L’Assemblée nationale a entériné ce mardi 3 mars 2026 la création du Conseil national de régulation des médias (Cnrm). Une adoption qui a déclenché l’opposition immédiate du Syndicat des professionnels de l’information et de la communication du Sénégal (Synpics), inquiet des nouvelles prérogatives accordées à cet organe de contrôle.

Le projet de loi n°4/2026 organisant le fonctionnement du Cnrm a été voté en séance plénière. Selon les informations rapportées par Le Quotidien, le Synpics dénonce un processus mené sans concertation préalable avec les acteurs de la presse, soulignant l’absence de dialogue lors de l’élaboration du texte législatif.
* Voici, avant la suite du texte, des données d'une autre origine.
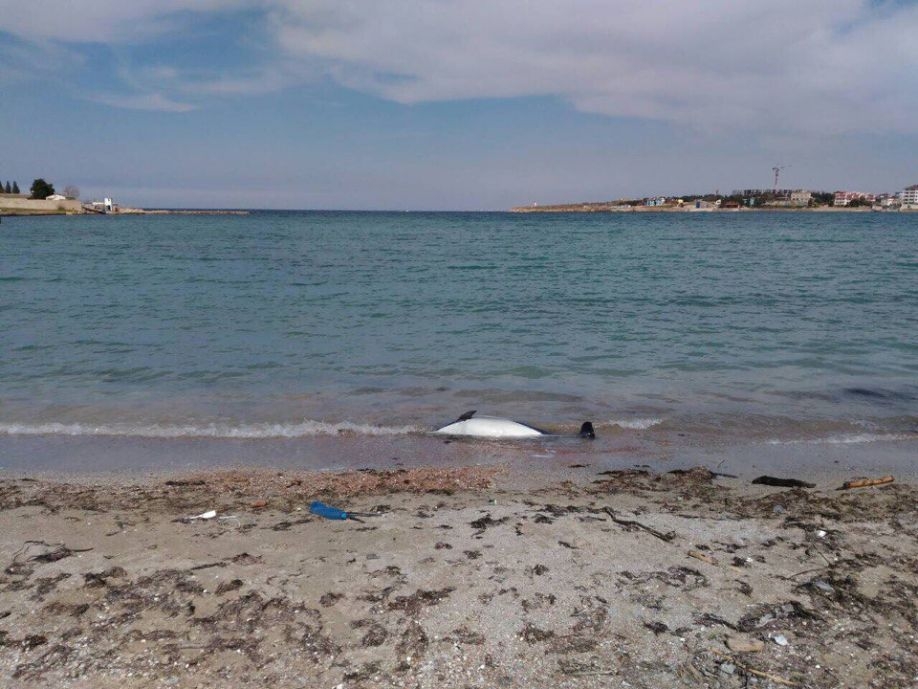 «Это серьезное преувеличение»: в Правительстве Севастополя прокомментировали сообщения о разлагающихся на пляжах трупах дельфинов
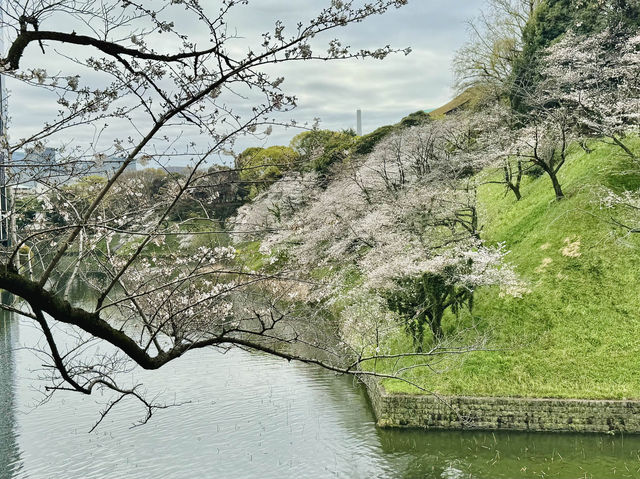 CoStudio | 千鳥ケ淵 - 桜の楽園🌸🏞️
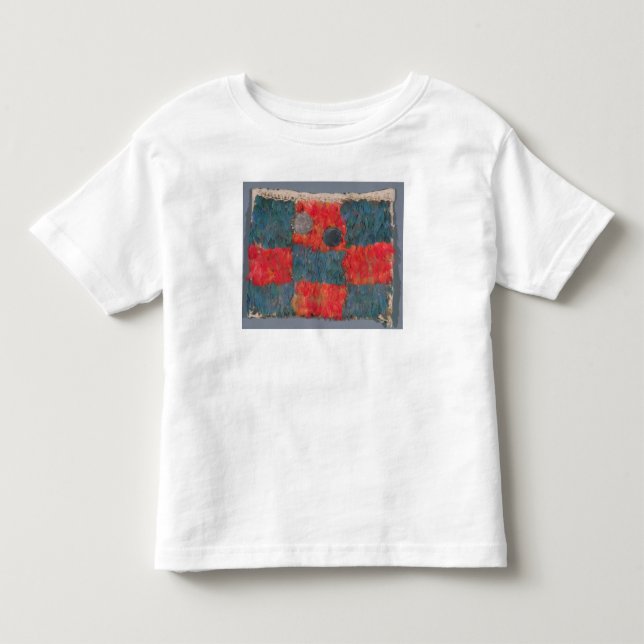 Feathered cape toddler T-Shirt (Front)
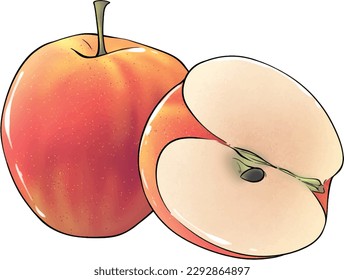 fresh red apple sliced vector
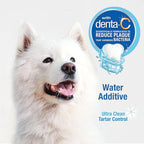 Nylabone Advanced Oral Care Pet Dental Water Additive, Liquid Tartar Remover & Breath Freshener for Dogs, Dog Teeth-Cleaning, Original Flavor, 16 oz.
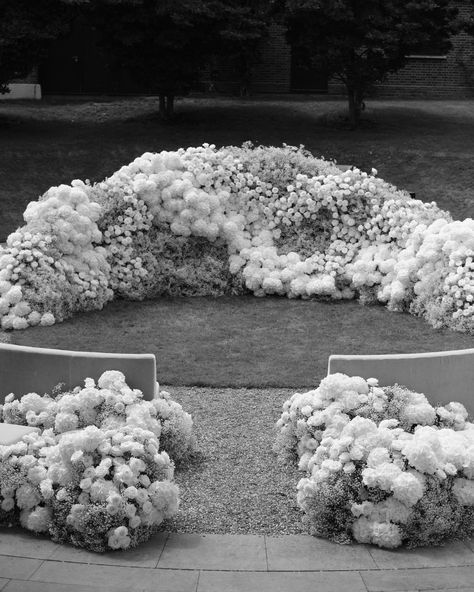 Floral clouds at @thegrovehotel ☁️ @charlottewisephotography @kristina.kempton @juno.wedding.films @larrywalshe #weddingflorals #weddingfloraldesign #editorialweddingphotographer #editorialweddingphotography #blackandwhiteweddingphotography Kristina Kempton, Floral Clouds, Wedding Flower Ideas, Flower Ideas, Juno, Artificial Plants, Wedding Flower, Celebrity Weddings, Floral Wedding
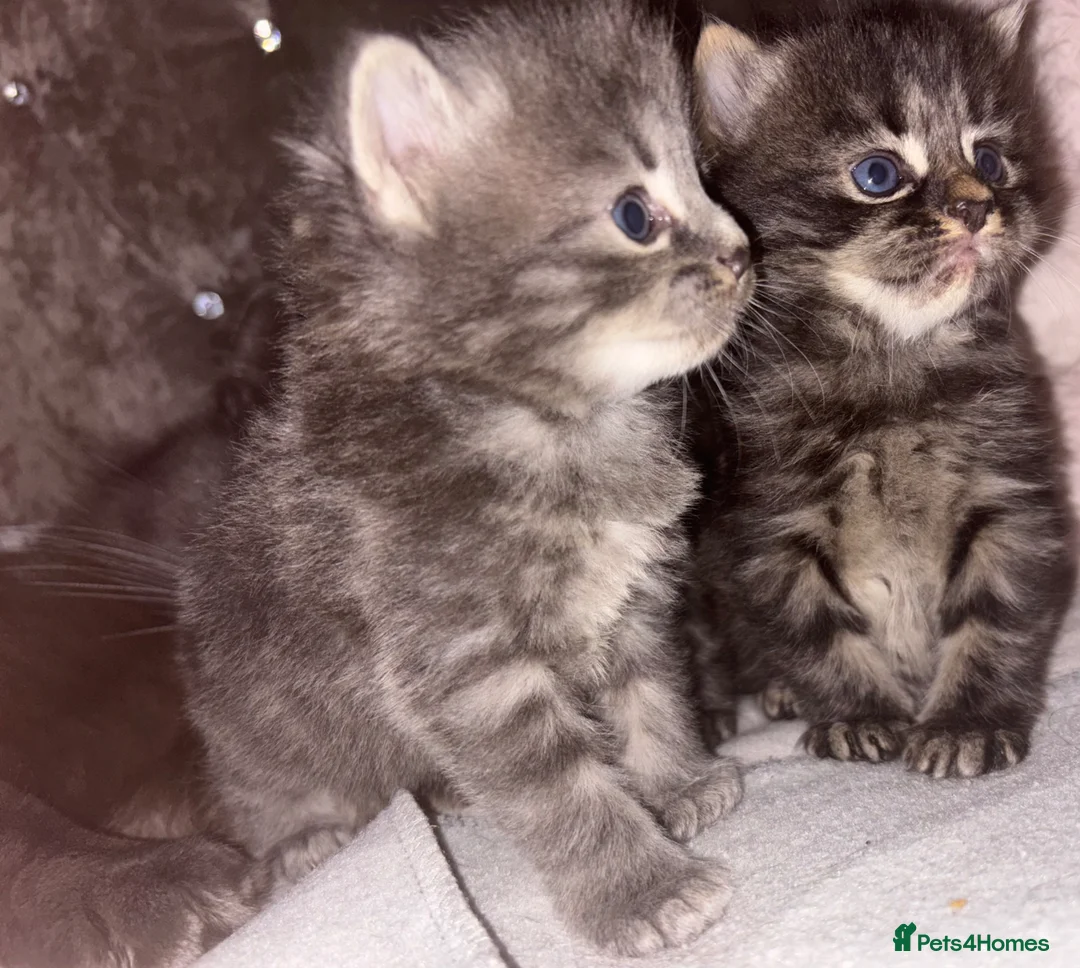 Mixed Breed cats for sale: Beautiful Kittens for sale half grey BSH - Advert 2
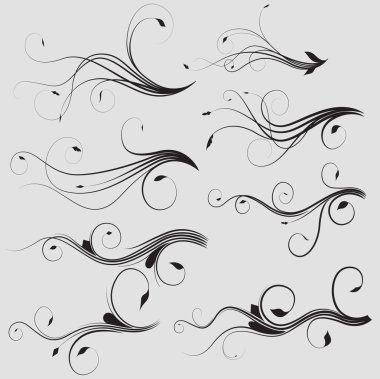 Decorative Flourishes Set clipart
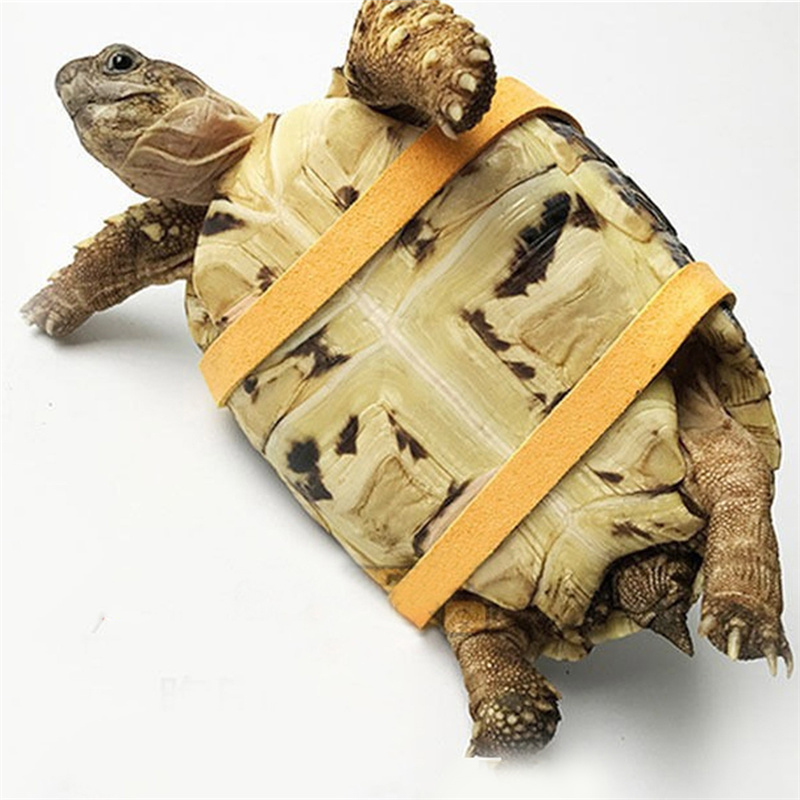 Cintura di Trazione per Tartar - Water Dish Reptile recensione e prezzo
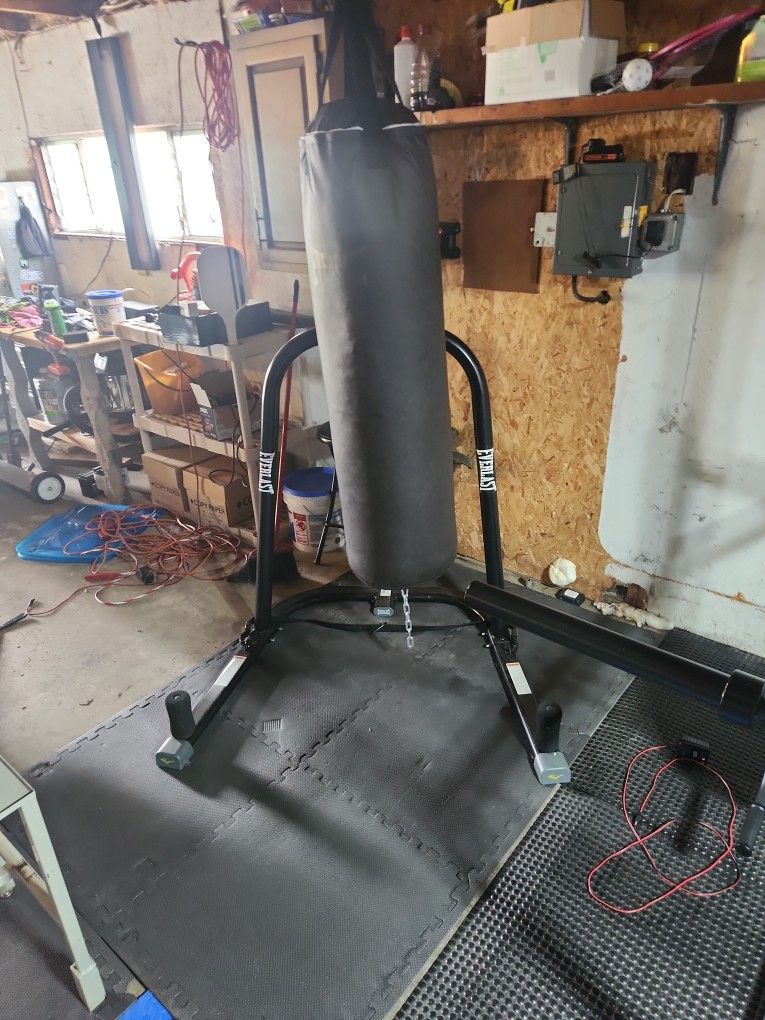 Everlast Punching Bag And Stand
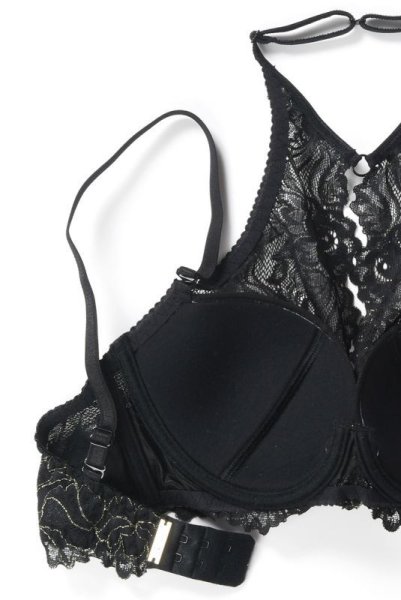 画像6: V-8261 | ホルターネックブラ・セミソフト・バラ柄・ストラップ取り外しOK | AxamiSexy アクサミセクシー| 輸入下着・高級ランジェリー   (6)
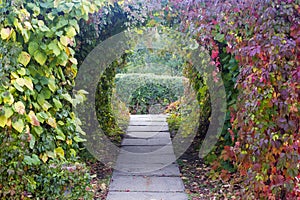 The path from the stone slabs is framed by a hedge of girlish grapes with contrasting leaves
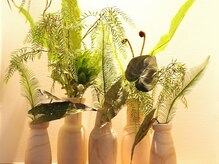 オリジネンタル 四条烏丸(Originental)/店内の生い茂る緑でリラックス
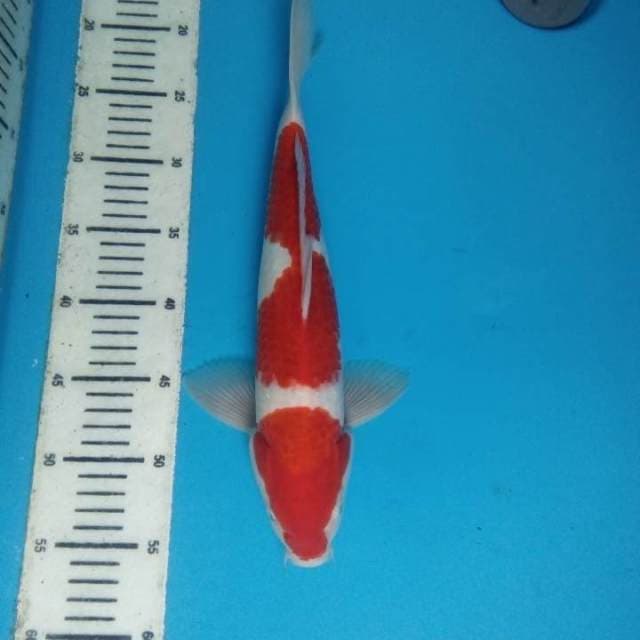 Kohaku 35 cm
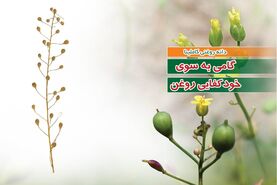 دانه روغنی کاملینا گامی به سوی خودکفایی روغن

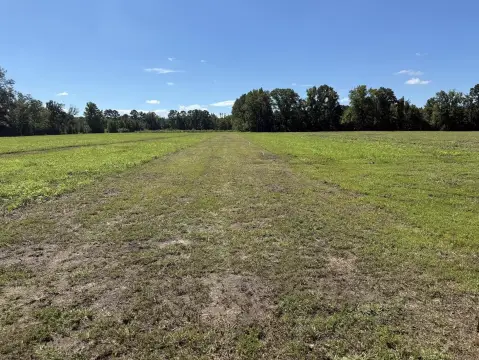 Commercial Land with US-17 Frontage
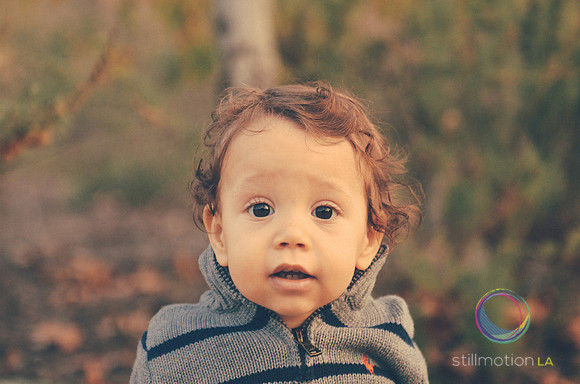 otis_bear_13_months_0012_LR
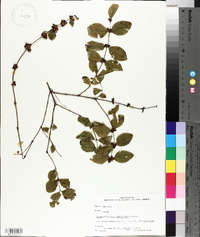 Symphoricarpos orbiculatus image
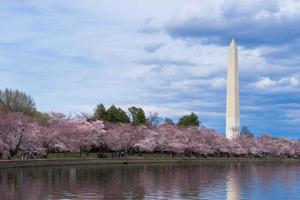 Monumento a Washington durante il festival dei fiori di ciliegio al bacino di marea, Washington DC, Stati Uniti d'America foto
Le point central du désaccord se situe au niveau du Chapitre IV, article 31 de la nouvelle loi. Cette disposition octroie au Cnrm des pouvoirs d’investigation élargis. Le régulateur est désormais habilité à effectuer des visites et des contrôles inopinés au sein des entreprises de presse. Il peut exiger la communication de tout document professionnel, en prendre copie, et recueillir des renseignements sur place ou sur convocation. Plus spécifiquement, le texte stipule que le secret professionnel n’est plus opposable au Cnrm. Le syndicat qualifie cette mesure de précédent dangereux, y voyant une ingérence dans la liberté éditoriale et une fragilisation de la protection des sources.

Au-delà des pouvoirs d’investigation, la loi dote la nouvelle instance de capacités de sanctions administratives considérables. Le Cnrm peut décider de la fermeture administrative d’un organe de presse, de la suspension de sa diffusion, du blocage de contenus en ligne ou de la coupure d’accès aux plateformes audiovisuelles. Des mesures qui, selon le Synpics, font peser un risque sur les emplois du secteur et sur le pluralisme de l’information au Sénégal.

Face à l’adoption de ces dispositions, le Bureau exécutif du syndicat a formulé une demande expresse aux autorités pour l’ouverture d’un cadre de dialogue inclusif. L’organisation réclame une révision des articles contestés afin de garantir une régulation indépendante et conforme aux standards internationaux en matière de liberté de la presse.